IV. О сущности Мифа и Логоса в структуре Смысла (Наконец, подобрались к коренному вопросу)
Хотелось бы напомнить три выделенных ранее элемента структуры Смысла – целое, предданность и контекст. Каждый из них является и модусом Смысла, способом его «существования». Смысл есть всегда целое своих частей, он всегда им преддан, и всегда конституирует их. Однако «элементность» этих модусов заключается в том, что они способны в каждом конкретном случае выстраиваться в два единственно возможных варианта иерархии. Вот этими вариантами иерархизированного Слова и являются Миф и Логос.
Любая воспринятая нами информация всегда двулика. По определению всегда содержа в себе новое (см. вышеозначенную работу Лотмана), она тем не менее призвана к понятности. (Только в обоих этих случаях получаемая информация
будет «иметь Смысл» хотя это спорный вопрос, кто на самом деле кого имеет

. Ведь, например, папуасская речь для подавляющего большинства европейцев Смысла иметь не будет; будет лишь допущение того, что она несет какой-то Смысл, и только). Иными словами, трансценденция Смысла – т.е. Слово – может происходить лишь по двум возможным схемам: целое может превосходить себя (трансцендировать, двигаться от целого к целому) только
либо в очередности телос – контекст, либо в очередности контекст-телос.

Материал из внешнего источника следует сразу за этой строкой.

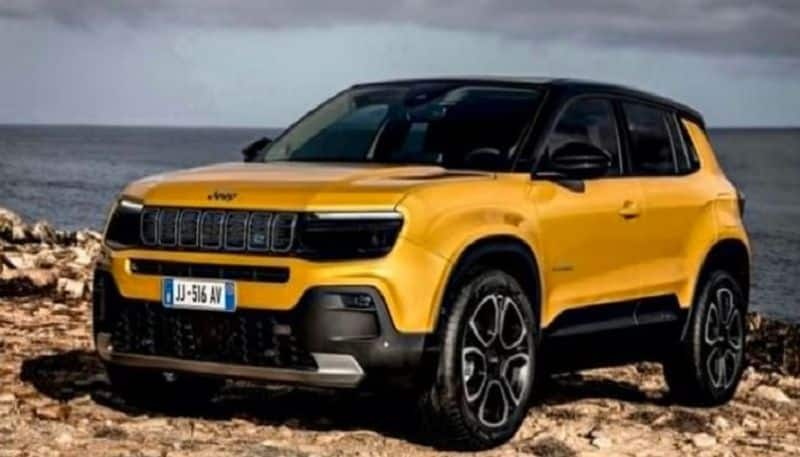 Jeep unveils Avenger electric SUV, gets a range of 550 km with great features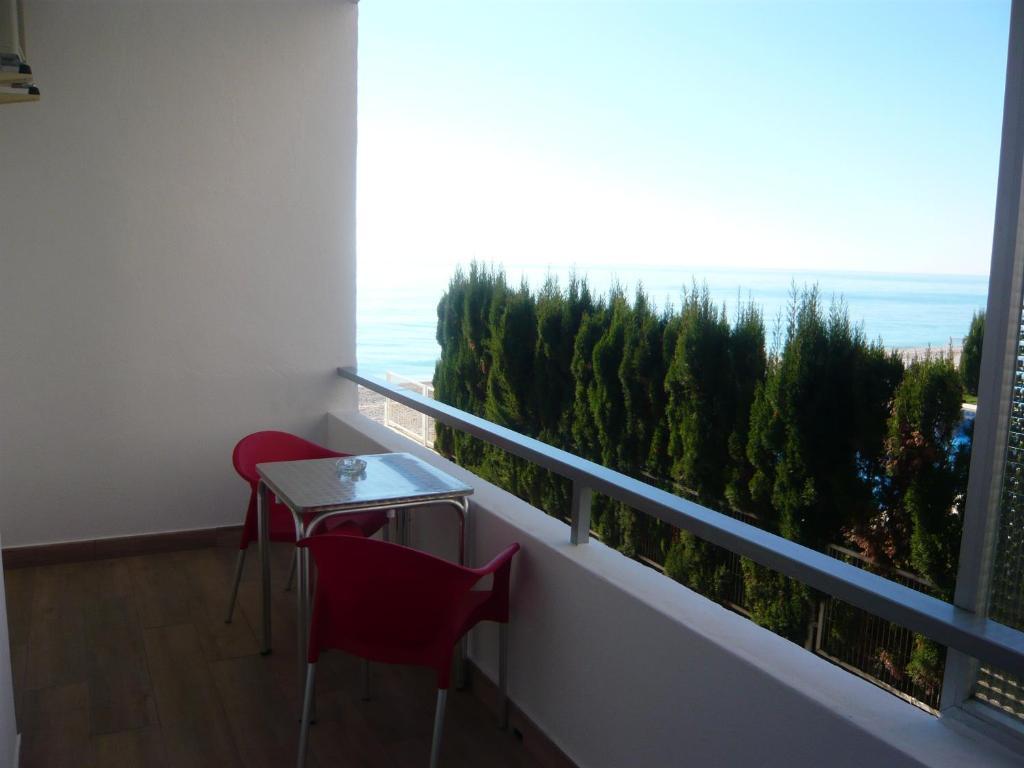 Hostal El Trovador Altea Rum bild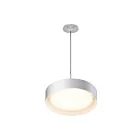 ET2 Lighting E51013-WT Echo 1-Lumière 25W Blanc Suspendu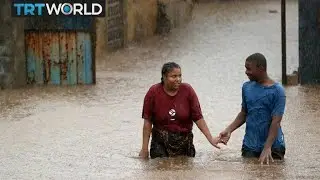 Cyclone Kenneth: Rescue efforts under way in northern Mozambique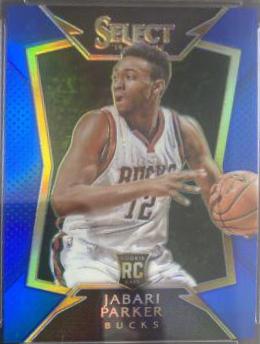 Jabari Parker [Blue Prizm] #99
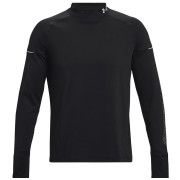 Мъжка тениска Under Armour OUTRUN THE COLD LS черен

Проще говоря, при «переваривании» любой информации на первый план может выходить ее соответствие либо нашей собственной «Истине» либо Истине мира.
Либо предданность подстраивает контекст под себя, либо контекст сам служит предданостью. Вот это и есть высвеченные Миф и Логос. Либо мы видим то, что хочется нам, либо мы видим то, что хочется миру. Третьего не дано. А первое и второе всегда необходимо переплетены друг с другом.

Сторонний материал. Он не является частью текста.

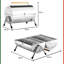 Luch 38cm W Barrel Charcoal Grill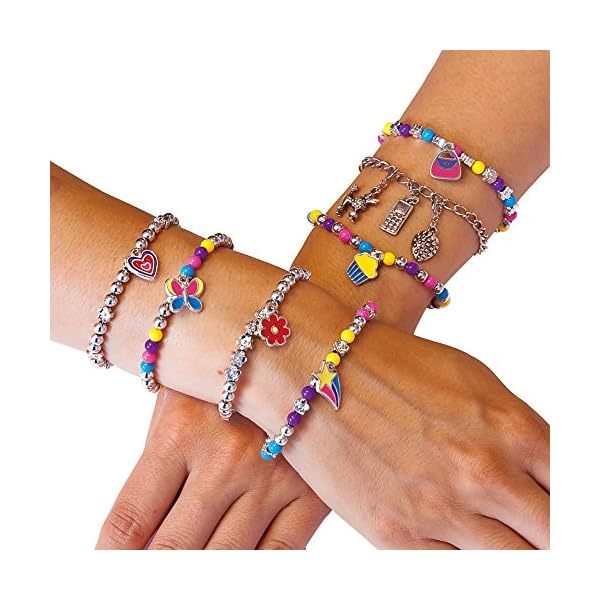 Galt Toys, Charm Bracelets, Kids Craft Kit, Ages 8 Years Plus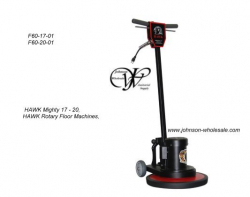 Hawk Mighty Global 17" or 20" Floor Machine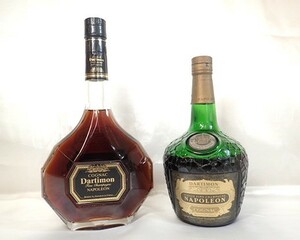 12269[M]◆未開栓古酒◆DARTIMON/ダルチモン/NAPOLEON/ナポレオン/COGNAC/コニャック/ブランデー/700ml/40％/まとめて 2本セット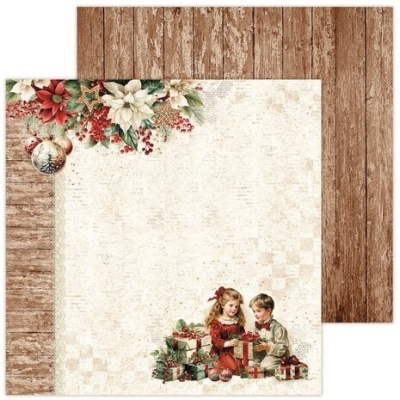 Wonderful Christmas 12x12 Inch Paper Pad (LEM-WONCHRI-01)
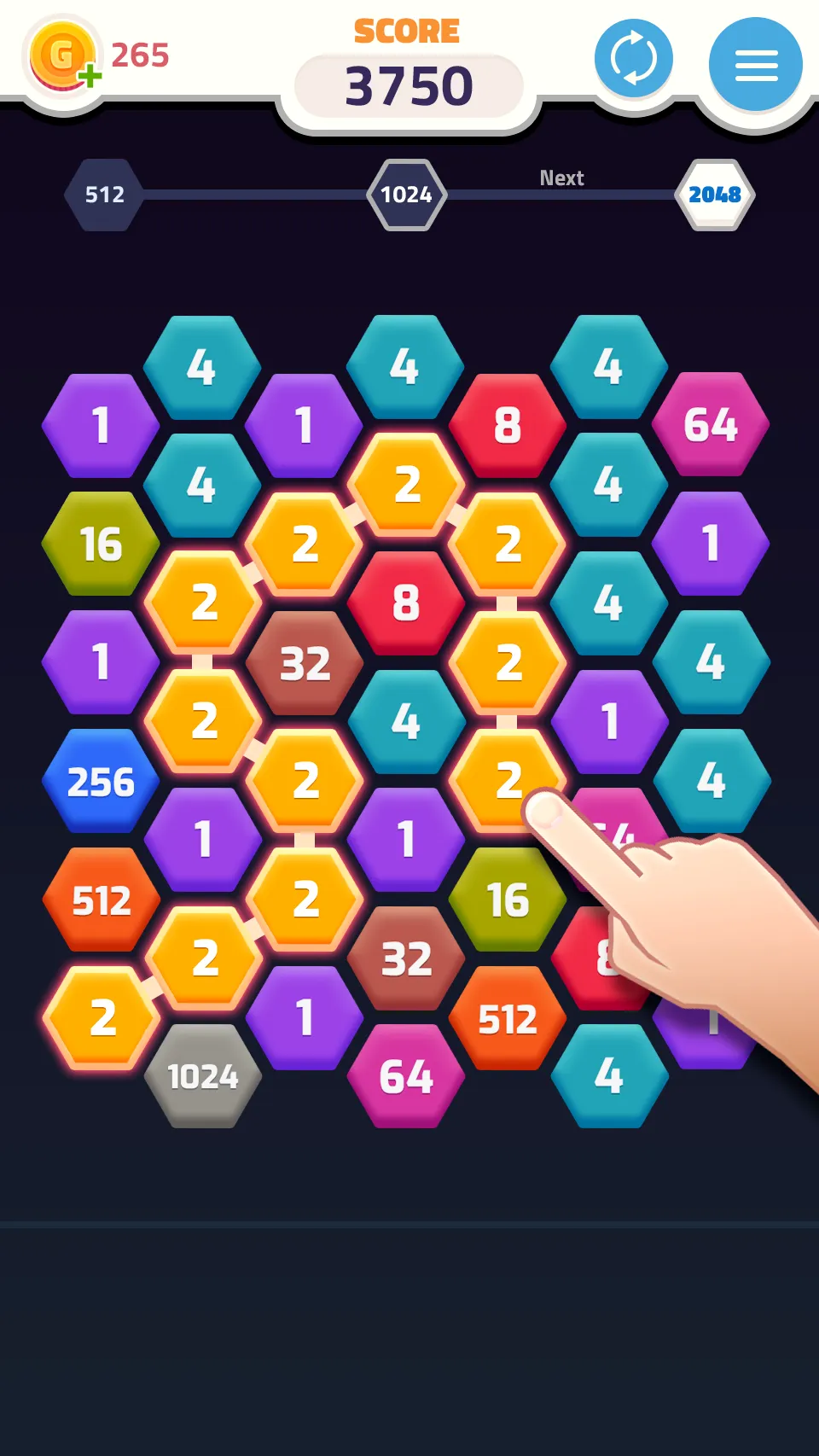 Merge Puzzle: Number Games | Indus Appstore | Screenshot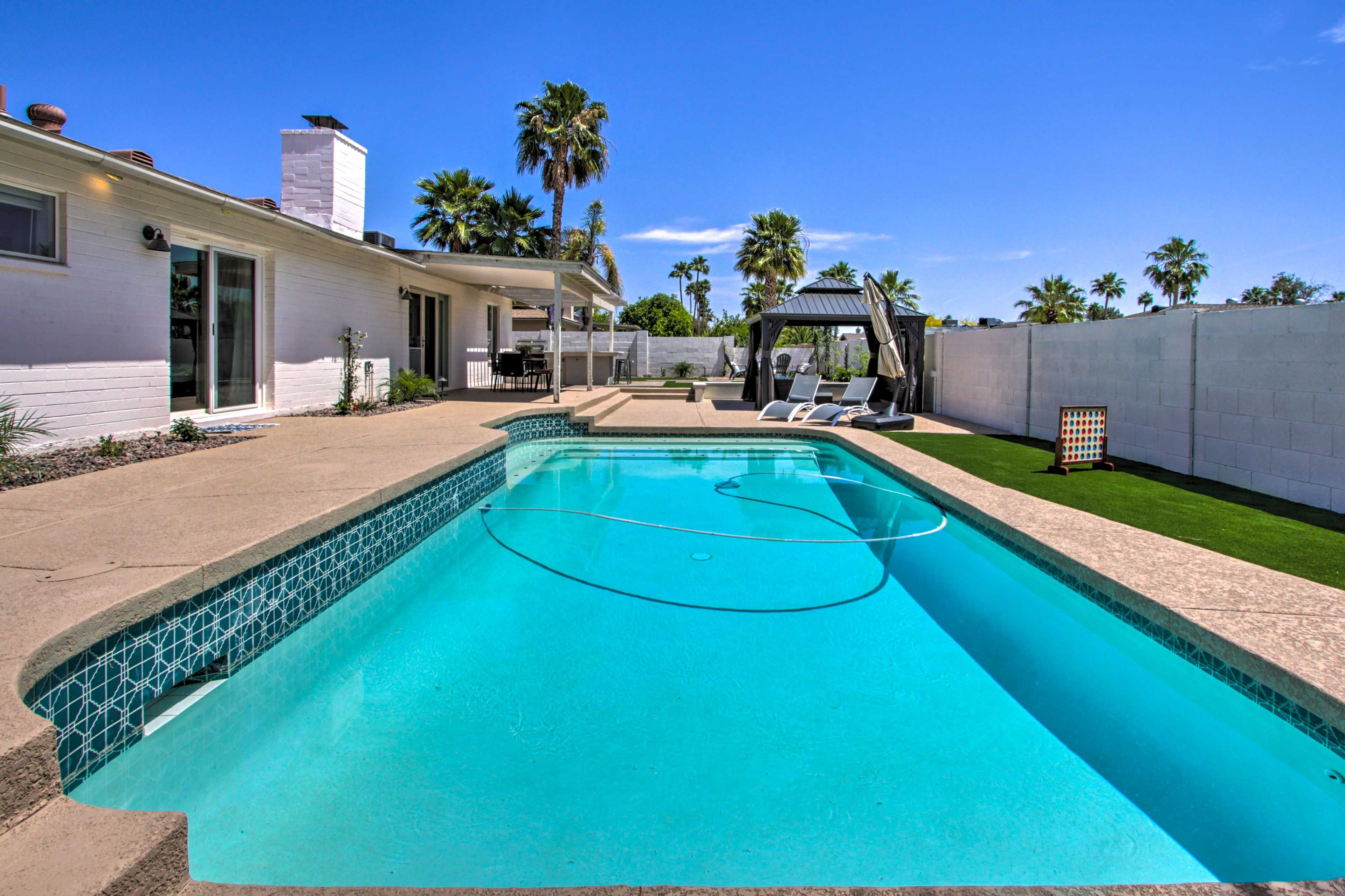 Private Pool | Unheated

У Мифа – речь ведь главным образом о нем – есть в арсенале большое количество способов объездить контекст. Вероятно, самым простым способом является синкретизм, который по сути есть прыжок к замыканию Смысла
даже без подстройки (или раппорта) необходимого контекста. Ну что общего у Артемиды с ланью или у жвачки «Стиморол» с владельцем «Феррари»? Да ничего. Просто в какой-то момент появляется цель (т.е. телос) их как-то согласовать, чтобы различные образы воплощались в едином. Или, вот Леви-Строс открыл такое шикарное явление, как бриколаж. Это уже свидетельство зрелого Мифа. Готовый мифологизированный контекст в бриколаже уже настолько силён, чтобы подстроить под себя любые входящие в его пространство элементы. Просто потому, что Миф, как сказал когда-то ученик Хайдеггера Гадамер, «не допускает иной возможности опыта, кроме того, который был получен в процессе самого рассказа». Это и означает: он старается срабатывать раньше контекста. Либо вообще его опустить, либо подмять под себя. В этом Смысле
Миф всегда есть Ложь.Точнее сказать, Ложь есть всё, что не Логос. А вообще, за любой схемой, структурированной собственным телосом, с легкой руки постмодернистов закрепилось старое словечко «нарратив».

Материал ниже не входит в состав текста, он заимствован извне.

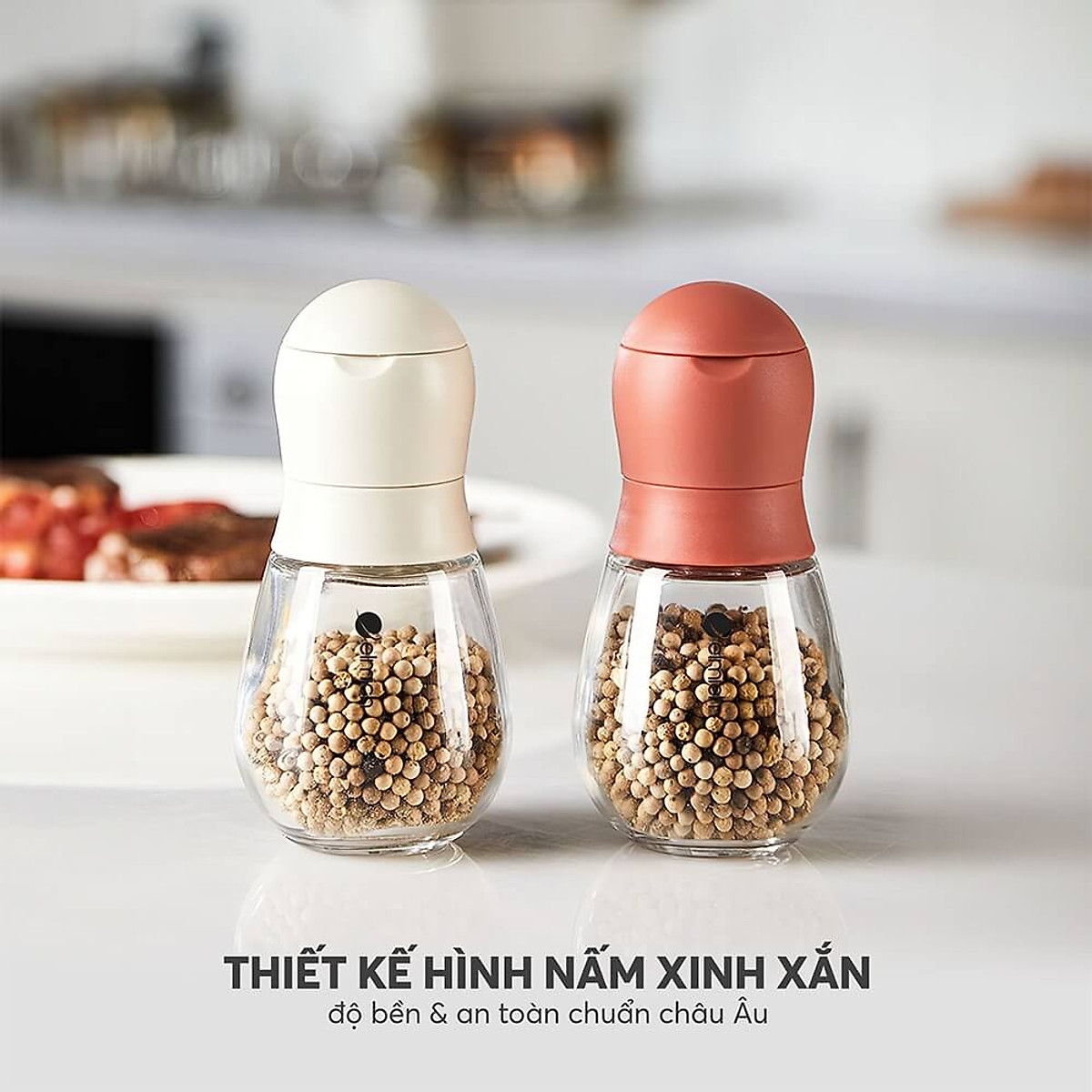Lọ xay tiêu Elmich EL 8420 - Màu ngẫu nhiên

Миф везде. Любое употребленное слово потенциально мифологично, ибо границ контекста его значений мы не знаем. (Ну, особенно это, конечно, касается имен, как говаривал Лосев, «имя - стихия Мифа». μυθεω – «именовать». Вот это, к слову, и есть подмечавшийся здесь Миф как «штамп»). А если нам неизвестен контекст, мы, даже не желая того, начинаем лгать. И ложь эта будет заключена в одном словечке:
допущение. Там, где мы начинаем «допускать», начинается Миф. Но иного пути у нас нет. Человек есть сущее, существующее способом понимания (Хайдеггер), и если контекст уходит у нас из под ног, мы всегда необходимо создаём свой.
Собственно, насколько некая объяснительная схема подстраивает под себя окружающий ее контекст, настолько эта схема и мифологична.